I’m a storyteller; that’s what exploration really is all about. Going to places where others haven’t been and returning to tell a story they haven’t heard before.
As an up and coming explorer with Blue Marble Exploration, I am honored to be invited into such a prestigious group of astronauts, entrepreneurs, divers and well… explorers. My story is a bit different from other new explorers. I’ve been working for the intelligence community since the age of 19. Due to my test scores, I was recruited by the Army into a program that no longer exists. I was trained as a Counterintelligence Special Agent in the art of tradecraft, source operations, and interrogation. For those of you who are not familiar with the term counterintelligence, it simply means that I keep our nation’s enemies from stealing our secrets.

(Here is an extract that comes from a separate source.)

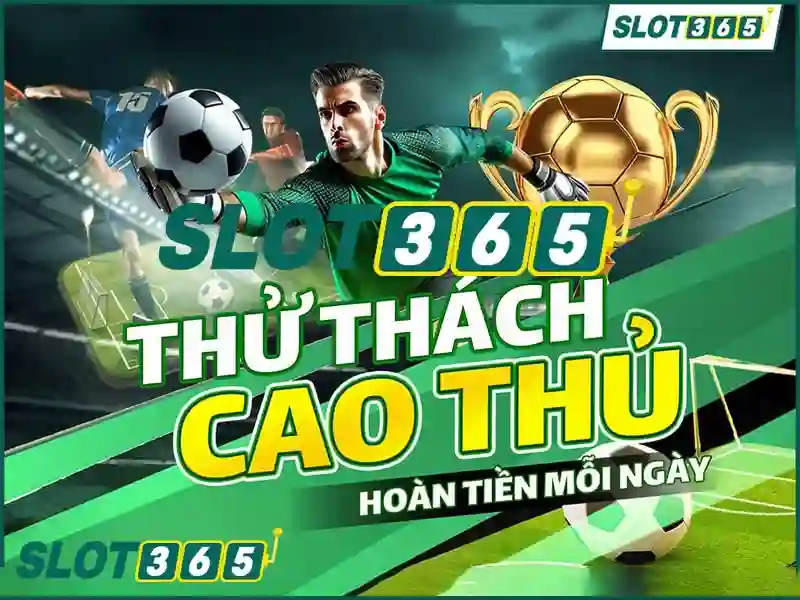 Các chương trình khuyến mãi hấp dẫn khi đăng ký Slot365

After the Army, I pursued my intelligence career in private industry, and now I work for the Department of Defense as a Counterintelligence Special Agent. During my travels, I’ve been fortunate to meet many beautiful minds to include fellow explorers. I’ve always admired these men and women above all others. My experiences of global travel, extreme environments, and war zones gave me the qualifications to prosper within my field, but never in the name of science or exploration.

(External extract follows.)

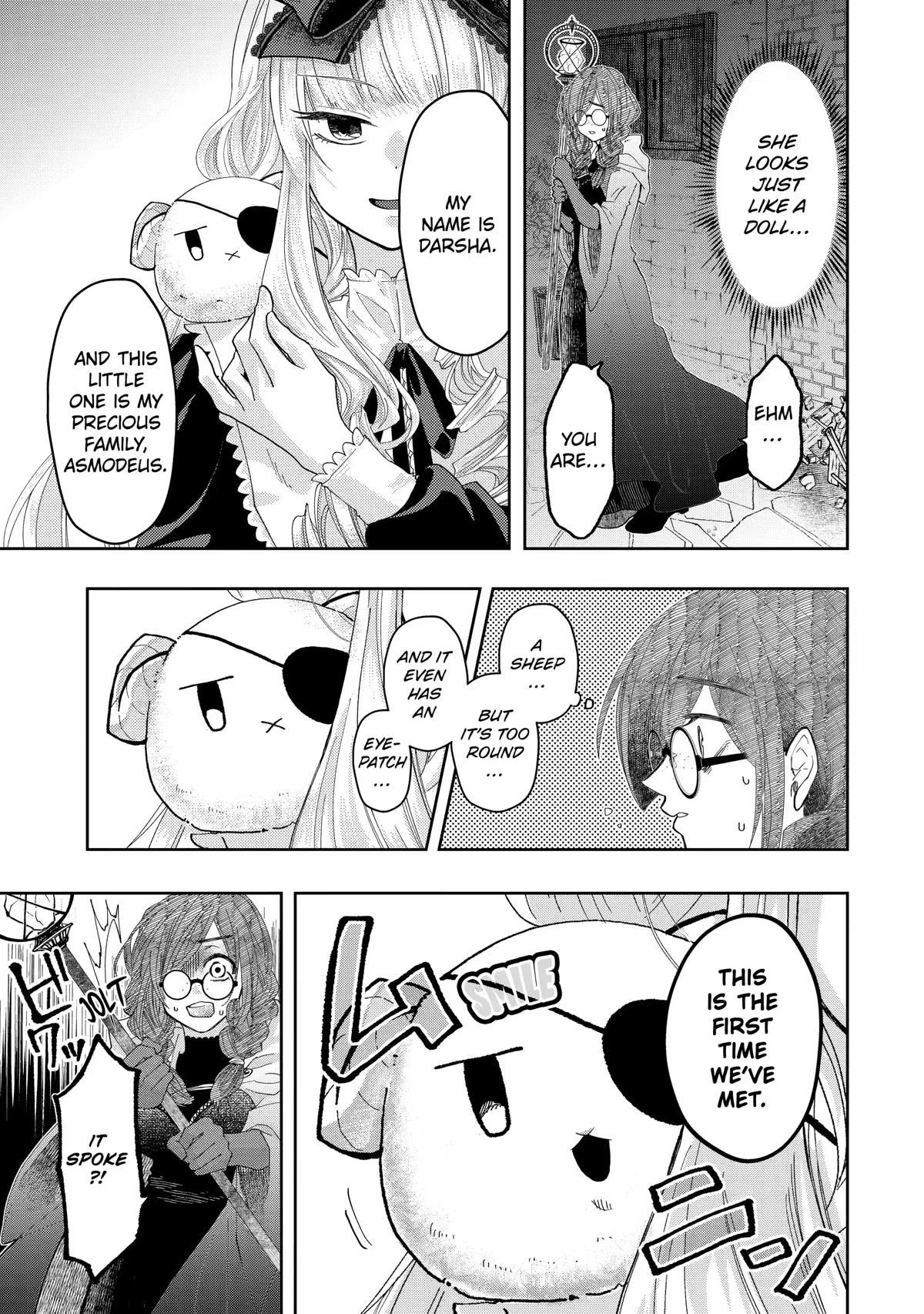 Level 0 Demon King Becomes a Adventurer in Another World Chapter 11 - Page 28 in English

This is not the first time the intelligence and exploration communities have crossed paths. In 1985, Bob Ballard set out to lead an expedition with the hopes of discovering the Titanic. Ballard, a former Naval Officer himself, was able to fund the expedition through U.S. Naval Intelligence in secret. The Navy was not interested in financing the search for the Titanic. However, the Navy was desperately interested in discovering the location of two of their sunken nuclear-powered attack submarines from the 1960s. Stories like Ballard’s inspired me and gave me hope for being accepted into the exploration community.
When I began working with Blue Marble Exploration and The Explorers Club, I was amazed but very cautious. For every similarity between these two worlds, there were several differences. Who pays for this stuff? I’ve been accustomed to Uncle Sam picking up the tab, and had no idea where the funding for these expeditions came from. I recognized very quickly there was no right answer for this question. Corporate sponsors, wealthy donors, crowdfunding, grants, and yes, in some cases the intelligence community has funded many of the amazing expeditions that have awed and educated us over the years.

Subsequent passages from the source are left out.